If that kind of scenario comes up then I will be apt to say something, but it is a lot different than the kind of outburst @_ephemereality_ illustrated with Daenerys. I am more likely to try to reason with the person in question than bite their head off. I find I am quite good at explaining what is wrong with a certain behavior so that the offender can see what they did wrong.

I have thought I am an INFP because I am pretty reserved, and sensitive. Although, working in retail the last year I've realized I am not actually super socially introverted compared to the average person. I can be comfortable talking in front of crowds, being the center of attention. That being said I know that mbti doesn't necessarily revolve around social extroversion/introversion. 

As well, my sister is a classic, bubbly ENFP (the kind you would find in a type description) and I am definitely not as bouncey and outgoing as her. That being said, she is likely an enneagram 7w6 - veeery different than 9w8.



register said:


> How old are you? My INFP friend and I are in our thirties-he spends hours preparing intricate spreadsheets and powerpoint presentations refining every single detail-it is VERY ISTJ in nature.
> 
> I spend time putting together plans and I LOVE to make quick decisions and then make them actionable-I dont mind changing the plan with more information, but I REALLY want to have some sort of plan in place-like you I dont need certainty before taking action.
> 
> ...


I'm 24 right now. Yes, you do sound like you approach tasks very similar to me. And travelling, lol. Yeah, in general I love the thrill of finding my own way. Even if I could make a detailed plan, I feel like that can suffocate the fun of an experience. 

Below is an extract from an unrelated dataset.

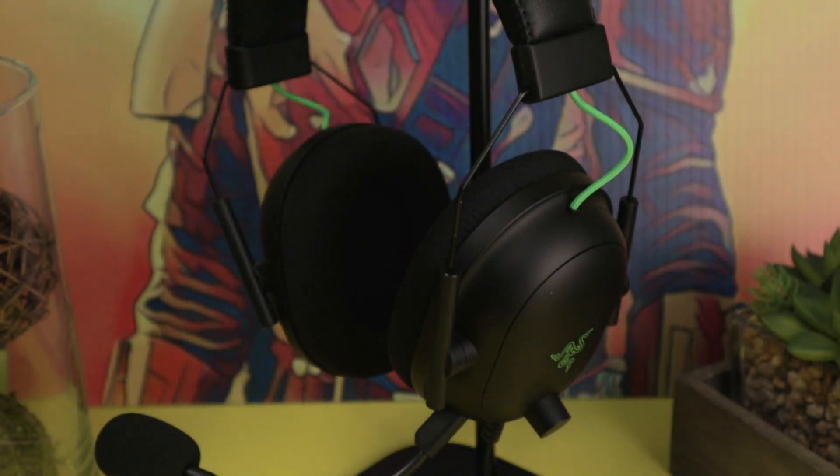Razer has been on their A game over the past year when it comes to their peripherals, and the same can be said about the Razer BlackShark V2 Gaming Headset. In this video we'll do an unboxing and I'll talk about what I liked and what I dislike on this thing. Let's get it!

To some degree as well I don't know many INFPs, so it's hard for me to contrast them. But, my one for sure INFP friend from school was definitely a lot more meticulous than I am. I was paired with her for a project and it seemed like I was the one introducing lots of ideas, and she was great at working out the details. I could see that she could follow my ideas with her Ne, but it didn't seem as natural for her to naturally 'extend' these vectors of ideas in different directions.

Perhaps I am ENFP after all, lol.


Also, for all of you cognitive function aficionados, I wanted to ask you one more thing. What I am curious about is: what is the difference in how Si and Te reference external facts and established systems? I have been reading up on the functions the past few days and it seems that Te and Si both have a relationship with them. Te references what is known as a standard to create a new plan, correct? And Si looks to past experiences and historical information as some sort of reference? I know there must be a difference, but I'm not sure what it is. I suppose, would it be that Te is more an action-oriented function and that Si is more of an information processing function?

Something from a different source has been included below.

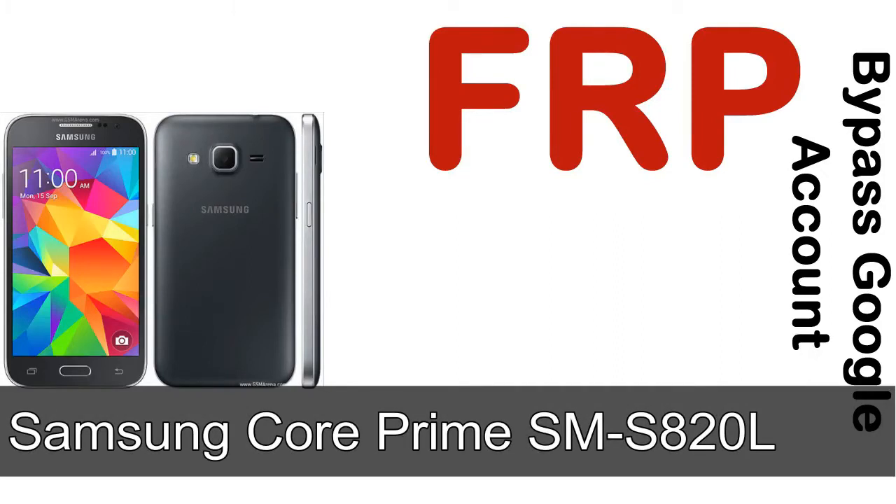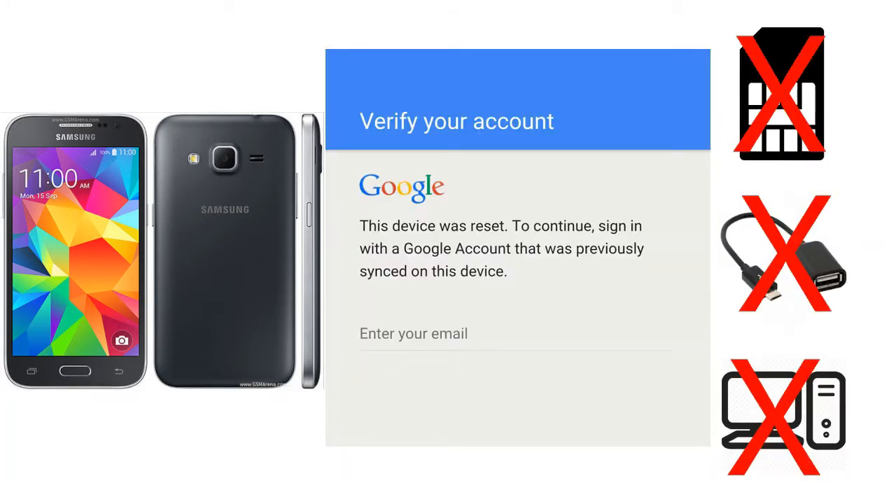Hi guys, Daniel here, welcome to SiddhaDak YouTube channel. Take a look at this complete video, then do it. I'll show you how to unlock a Samsung device FRP lock protection — without SIM, without OTG cable, without PC. But how to do that?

The reason I ask is that I definitely do reference external sources a ton in my endeavours. I'm finding my way in a design field and I've noticed that a lot of people seem to reinvent the wheel without realizing it all the time! They often don't realize it and are proud of themselves even though their iteration lacks the depth that previous thinkers have developed. I really hate this, and so it is my goal to learn as much as I can about everything that has come before, so that when I make something new it uses the best of what has come before it, and is enriched because of this. Does this kind of thinking sound to be more the result of the influence of Te or Si, in your opinion?


----------



## Entropic (Jun 15, 2012)

@Father of Dragons, can you explain how you understand Ne, Si and Ni please, and how you see them or don't see them in yourself.


----------



## LibertyPrime (Dec 17, 2010)

*How I use Te:*

- Taking hardware apart to see how it works and constructing hardware (fun), I built a set of costum softboxes last week for photography. I had to learn how to do that, what lumens are and how these things work for photograpy (was a lot of fun).
- Fixing stuff and learning how to do it...by prying stuff part >D and putting it back together / arguing & debating.
- Learning about and exploring facts that I need / find interestng (example I love reading about anything IT related)

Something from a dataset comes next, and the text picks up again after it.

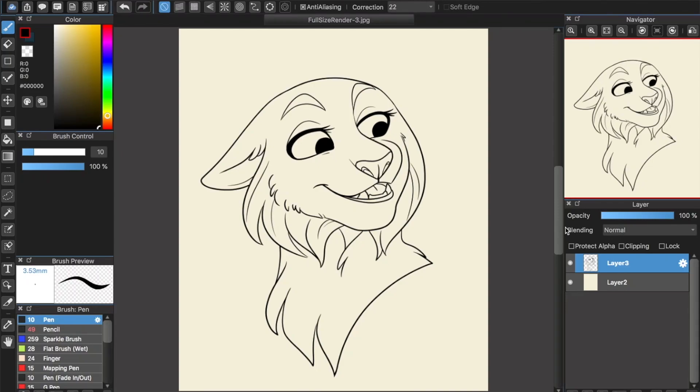Hello! Today I'm going to show you all how I approach digital coloring and shading. I'm going to be using Metabang Paint Pro, which is a free program, but even if you don't want to download it, this technique should work in any program with layers.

Give me a broken machine or any situation that needs fixing and I'll figure out how it works / will fix it, give me a task like example build an artificial lake and I'll see it done. What I don't know I learn / figure out. It does not matter if I have never seen or done anything like it before, or more exactly it does because new things are always more fun then what I already know/have seen. (provided that I'm supplied enough external motivating factors to actually finish and not move on before that happens).

Stuff like that..objective logic gathering and applying = fun.

*The sign that my Te is valued but weak:*

- *I often need reassurance* and to hear other sources on the same piece of information. I prefer it if info is backed up by facts, testing to make sure its real & accurate / tested. Concrete stuff, not info someone pulled out of their ass with no backup.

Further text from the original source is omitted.